__Work to be completed__: Word for word, restate the lines of the data below between those holding "Ένα ή περισσότερα" and "bedroom featuring access", inclusive; pictures do not belong in the copy.

__Source records__:

....................

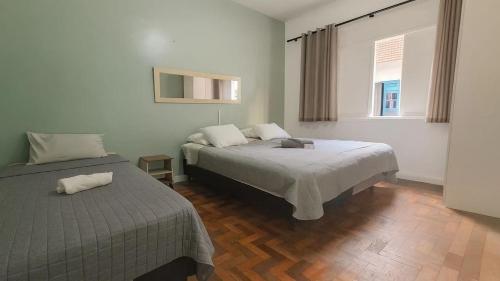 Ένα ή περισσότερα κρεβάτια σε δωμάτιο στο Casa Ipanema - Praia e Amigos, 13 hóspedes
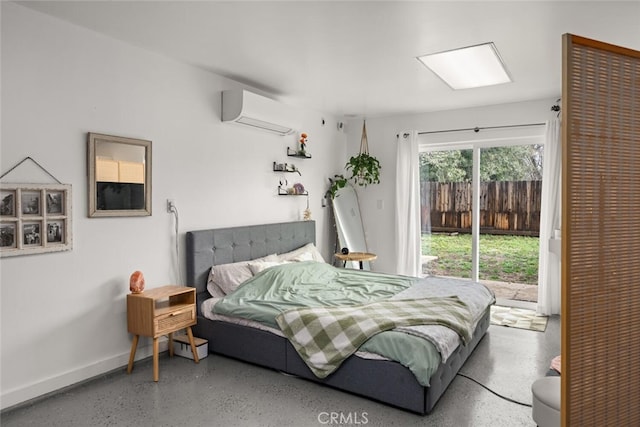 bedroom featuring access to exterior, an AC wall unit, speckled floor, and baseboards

....................

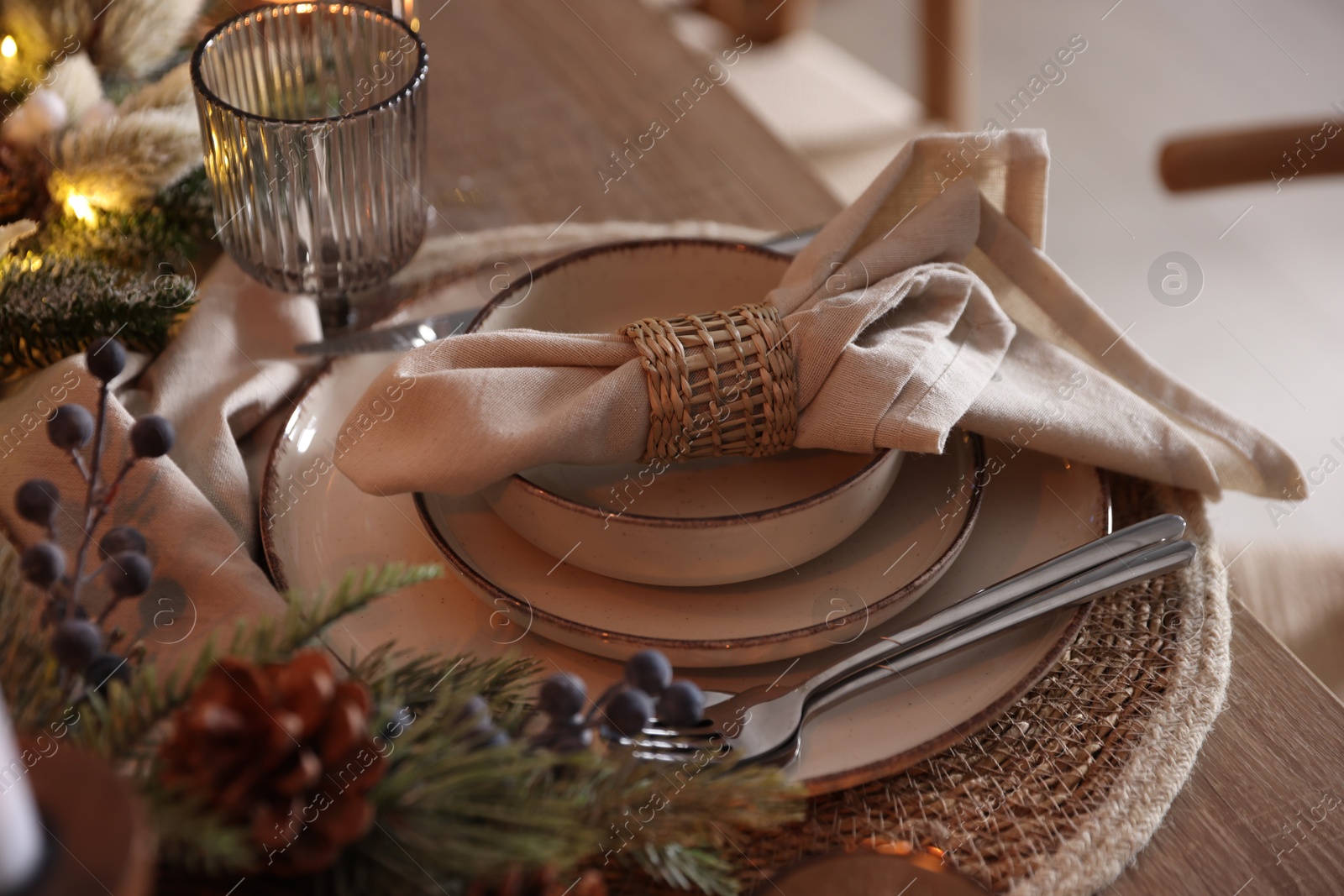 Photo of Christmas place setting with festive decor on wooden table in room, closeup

....................

__Your solution__:
 Ένα ή περισσότερα κρεβάτια σε δωμάτιο στο Casa Ipanema - Praia e Amigos, 13 hóspedes
 bedroom featuring access to exterior, an AC wall unit, speckled floor, and baseboards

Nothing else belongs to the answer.